Thousands of rounds of ammunition were also found in the suite, enabling him to fire repeatedly over the course of 72 minutes. 
His car had several pounds of a fertilizer used in bomb-making. He also set up a camera in his room, apparently to film the mass murder, and others in the hallway to capture police arriving. 
Before carrying out the shooting, he used a hammer-like tool to smash out two window in his room which he used to fire out of. ... 
he had used 10 suitcases to methodically move an arsenal up into his Mandalay Bay room over the preceding weekend ...

3 comments:

abdooss said...

P,
So, is he from the IS / Daesh, or not?

Pastorius said...

They say he is.

But, it doesn't seem like it.

I haven't really believed much of anything I have read on him so far.
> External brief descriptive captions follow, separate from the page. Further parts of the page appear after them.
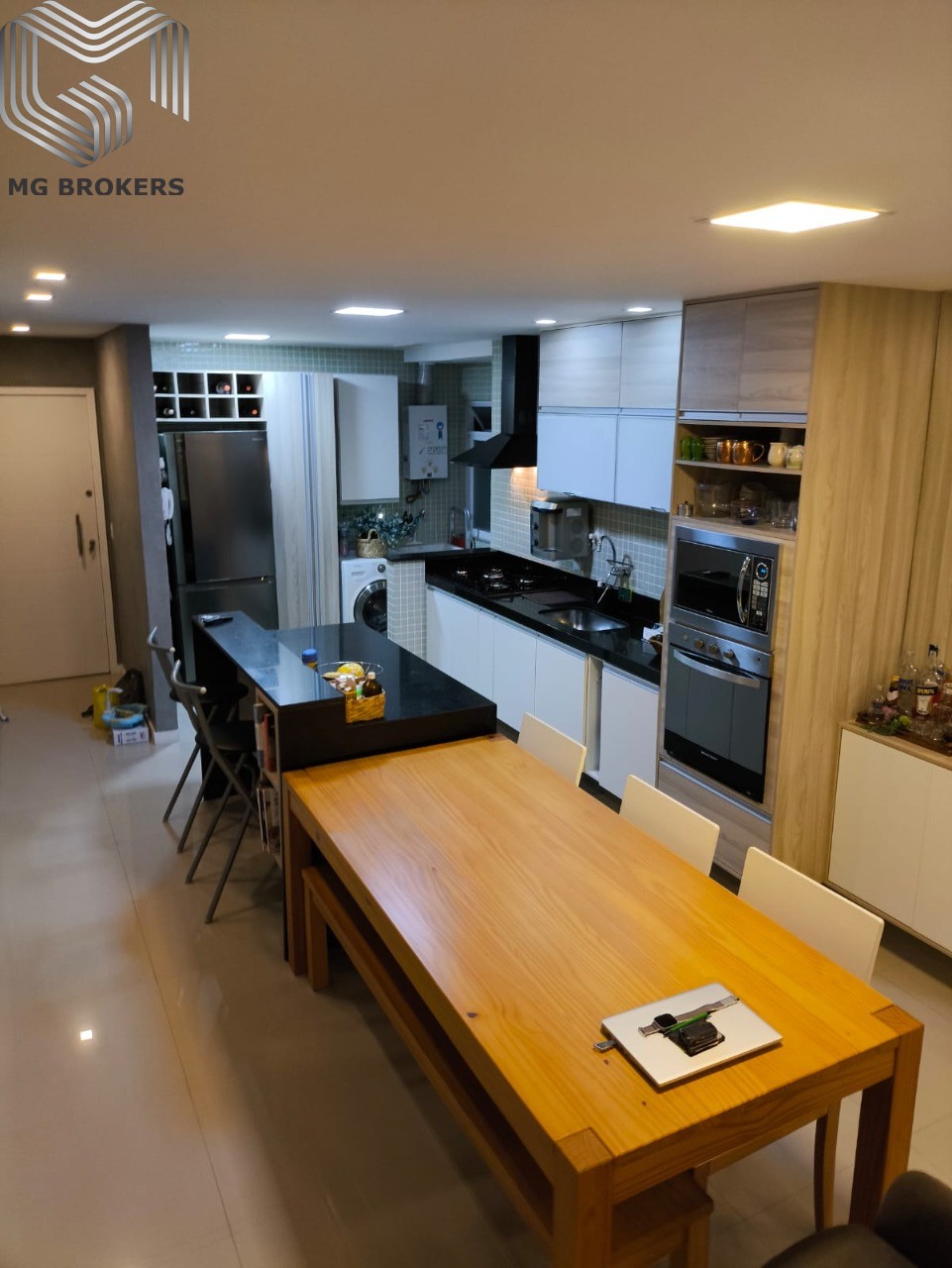 Conheça Foto 01 do imóvel - Apartamento à venda Rua Fortunato de Brito, Freguesia (Jacarepaguá), Rio de Janeiro - R$ 469.000 - MGB0438 - 3 Foto 01 - 3
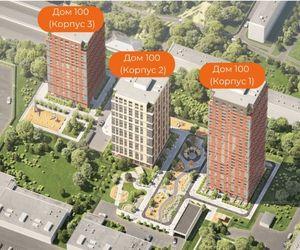 100 (Корпус 1)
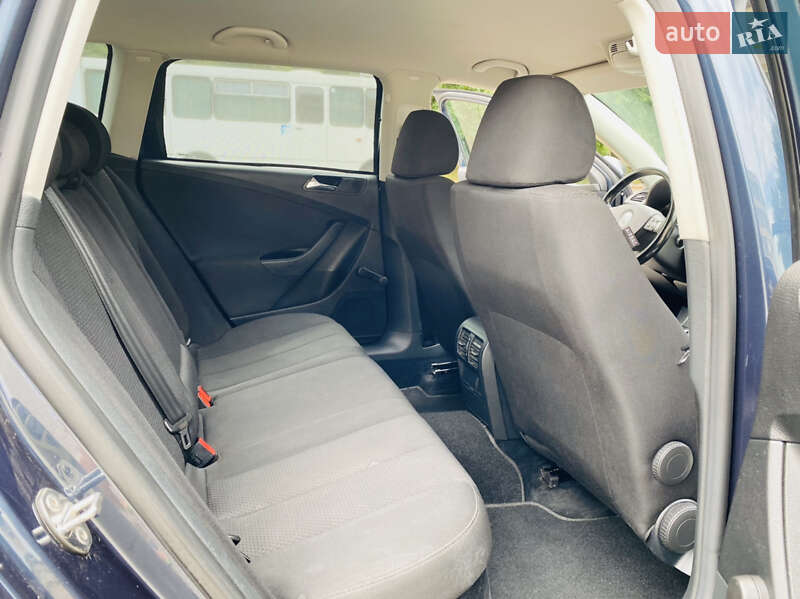 Универсал Volkswagen Passat 2007 в Ставище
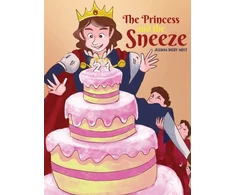 KNYGA Bookshop Princess and the Sneeze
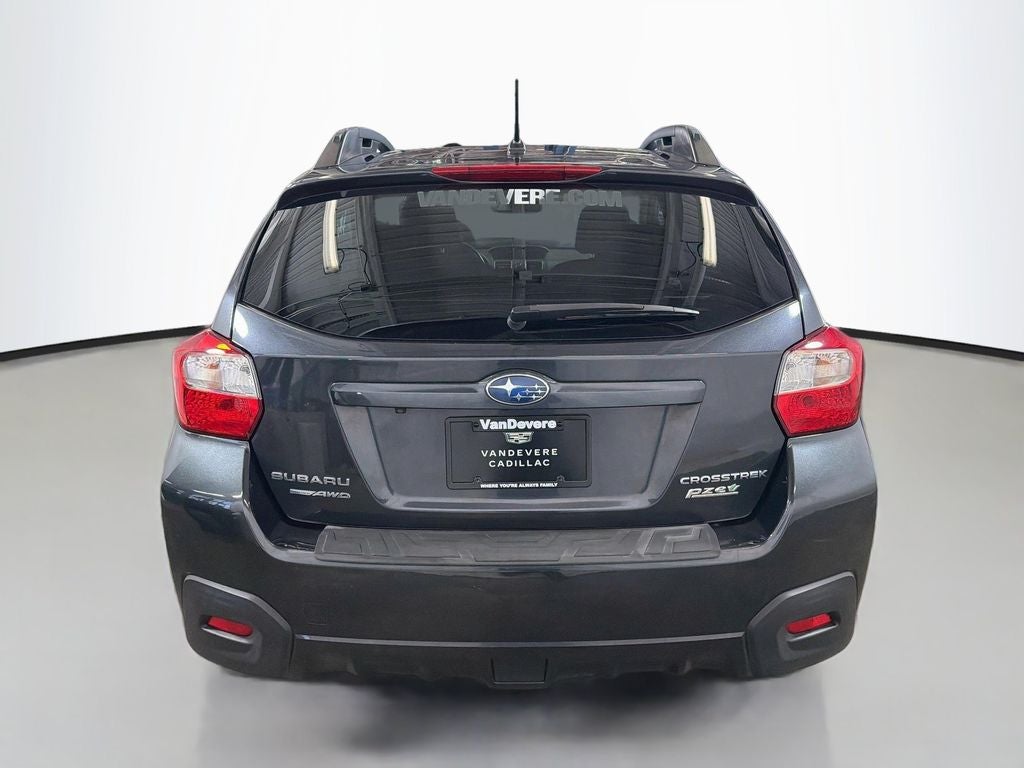 2016 Subaru Crosstrek 2.0i Premium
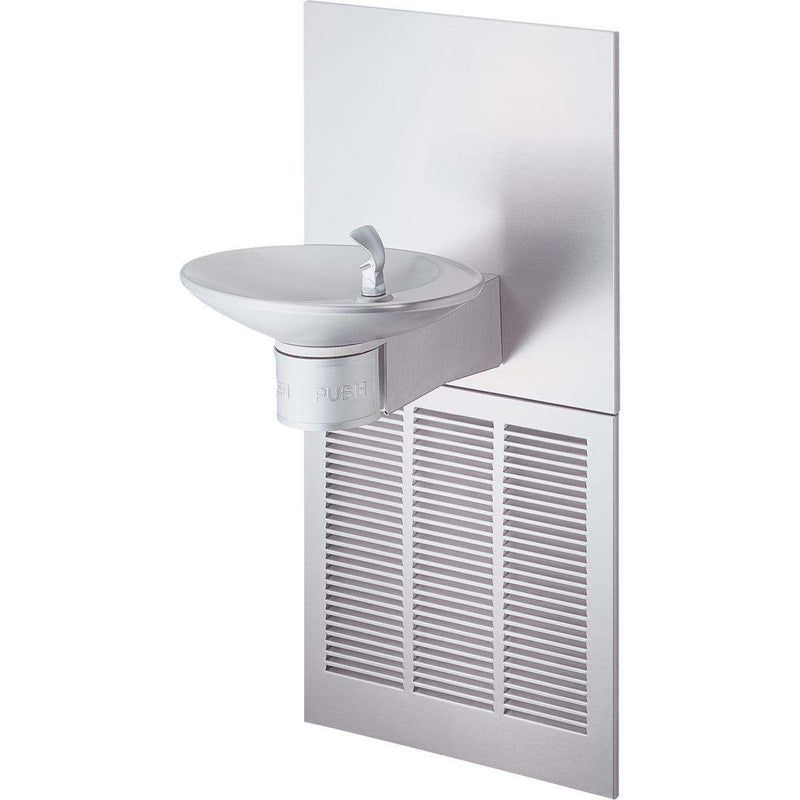 Halsey Taylor 8634083664 OVL-II Fountain Non-Filtered 8 GPH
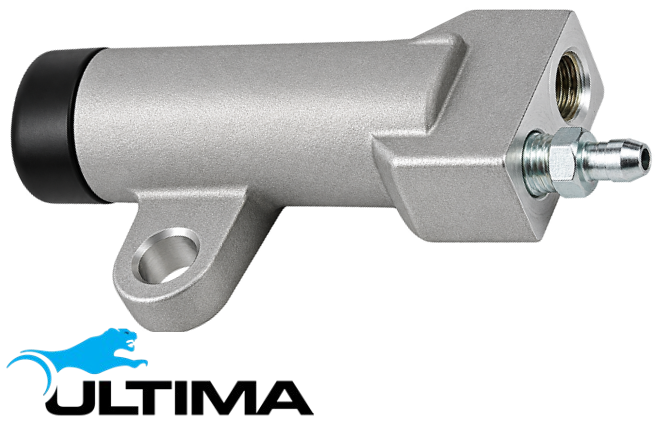ULTIMA CLUTCH SLAVE CYLINDER TO SUIT NISSAN NAVARA D21 D22 KA24E 2.4L I4 CHASSIS CCG, SG & USG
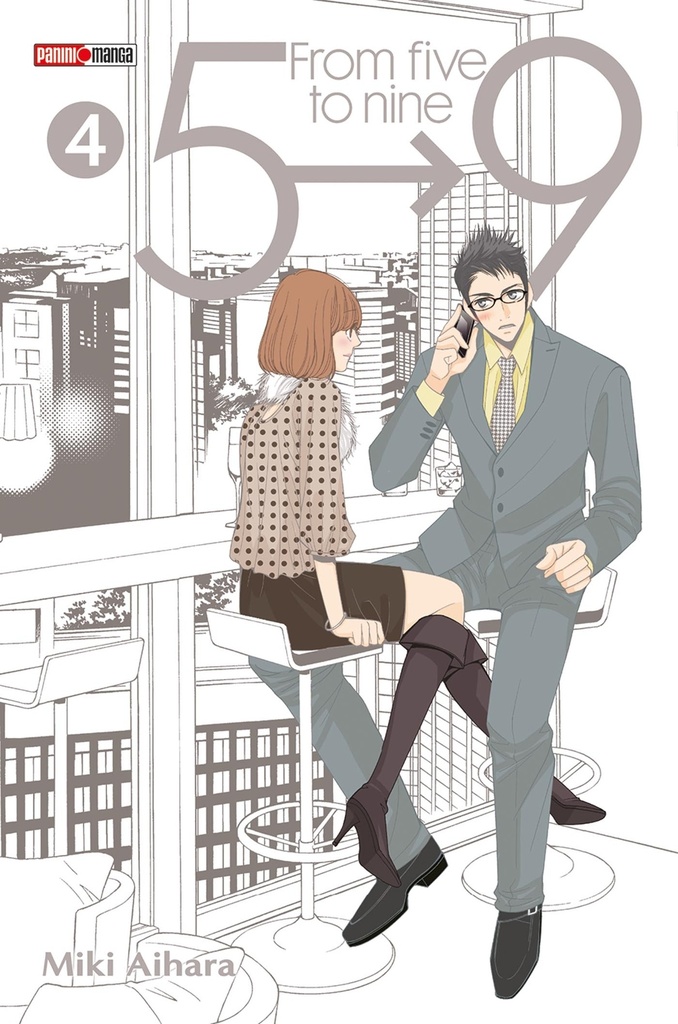 From 5 to 9 T04 (Nouvelle édition)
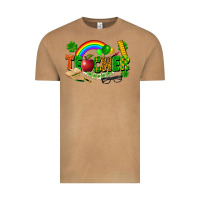 Vintage Camel teacher st patrick Vintage Tee - FaDigitalArtStudio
None of it makes sense.

The Operation Northwoods thing I posed seems to make as much sense as anything else.

The only problem with that scenario is there is no immediately obvious political motive.

I have a very hard time buying the "one lone individual" idea.

Anonymous said...

UKDAILYMAIL EXCLUSIVE: The missing gun: Stephen Paddock bought a high-powered Ruger rifle just hours before arriving in Las Vegas, but the $600 weapon was NOT found among his 23-weapon arsenal of death

Stephen Paddock bought a Ruger American .308 bolt-action rifle with an 18-inch barrel for $600 from Guns & Guitars just hours before arriving in Las Vegas
The rifle was not part of the 23-weapon arsenal found in his sniper's nest in the Mandalay Bay Hotel
Gunshop worker Skipper Speece revealed Paddock was 'calm and normal' when he bought the weapon at around 3pm on September 28
Skipper said Paddock was a regular visitor to the store and he had served him four times in total
Marilou Danley, who police named a person of interest in the case, also came in to the shop once, but Skipper said nothing seemed amiss


*****
NYT: "Ms. Danley is being represented by Matthew Lombard, a criminal defense lawyer." Her attorney worked on the Oklahoma bombing case:

___
Mr. Lombard began his legal career after completing a Bachelor of Arts from Colgate University in Hamilton, New York, and his Juris Doctorate from George Washington University School of Law. While in law school, he was chosen from a large pool of candidates to work on the Terry L. Nichols Defense Team in Denver, Colorado. He then moved onto the highly-regarded Public Defender Service in Washington, D.C. for several years before moving to Los Angeles in 2004 where he became a federal public defender. He founded Lombard Law in 2006 and has since been representing clients in both federal and state matters nationwide.